Он ответил ей на языке Кемет:
— Я плохо понимаю тебя. Если не знаешь моего языка, говори на аккадском.
— Твоего языка? Уж не родился ли ты в самой Нэ? — насмешливо сказала девушка на плохом аккадском языке, который, должно быть, выучила при дворе своего отца — её учителя явно были хуже мудрых учителей Рамери. — И имени своего ты не скажешь?
— Меня зовут Рамери.
— И всегда так звали?
— Всегда.
— Значит, ты раб, — разочарованно сказала девушка, — и действительно родился в Кемет. Но ты победитель, и я должна подчиниться тебе.
Гордость внезапно вспыхнула в сердце Рамери подобно жертвенному пламени, неожиданно и грозно.
— Когда-то я был царевичем Хальпы, и ты не стала бы даже последней из моих жён! А теперь, когда я служу величайшему из богов и его божественному сыну, я выше того царевича, каким был раньше. Ты же — ничтожная женщина, только показавшаяся мне красивой и доброй. Отойди прочь, ты мне не нужна! Пусть тебя отдадут простым воинам, я же, начальник царских телохранителей, отказываюсь от тебя. Как ты смела счесть меня равным тебе по крови?
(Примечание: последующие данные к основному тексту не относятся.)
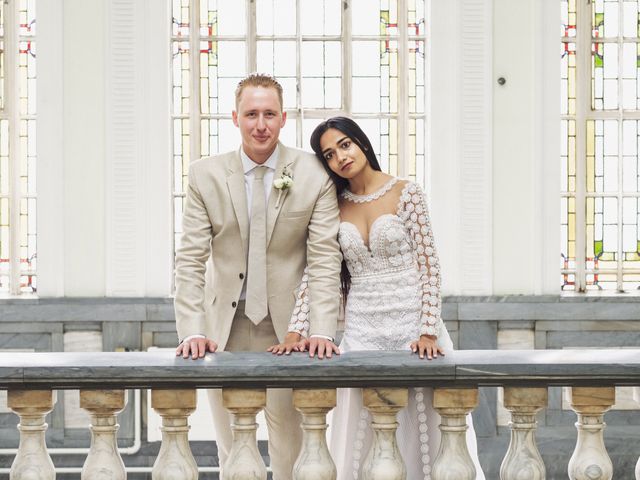 Krishna and Marek&apos;s Wedding in Islington, North London 32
Девушка побледнела и нервно сжала руки, задыхаясь от обиды.
— Разве я могла подумать, что собака, которую хозяин пинает ногой и бьёт плетью, сочтёт себя превыше царевны? Ты, гордящийся тем, что пресмыкаешься в пыли, питающийся объедками со стола своего хозяина, ты собака, которую посадили на цепь, а после натравили на её же собратьев! Меня хотел взять военачальник Кемет, и жаль, что я не досталась ему, по крайней мере не осквернила бы себя, как сделала это сейчас, говоря с изменником! Ты, собака, забыла свой лай и теперь шипишь по-змеиному? Тебя научили этому жрецы в длинных одеждах, умеющие собак превращать в змей? Ну что же, разорви меня на клочки или ужаль, но я повторю, что ты изменник, ты хуже падали, хуже рыбьих отбросов, гниющих на солнце! Что же ты молчишь, сжимая рукоятку кинжала? Ударь меня им, и тогда, быть может, я замолчу…
— Я сделаю с тобой то, что должен был сделать, — тихо сказал Рамери, — но теперь сделаю это с яростью в сердце. За оскорбление заплатишь унижением, оно тебе будет больнее, чем удар кинжалом. И если я собака, то оставлю на твоём теле следы своих зубов и когтей…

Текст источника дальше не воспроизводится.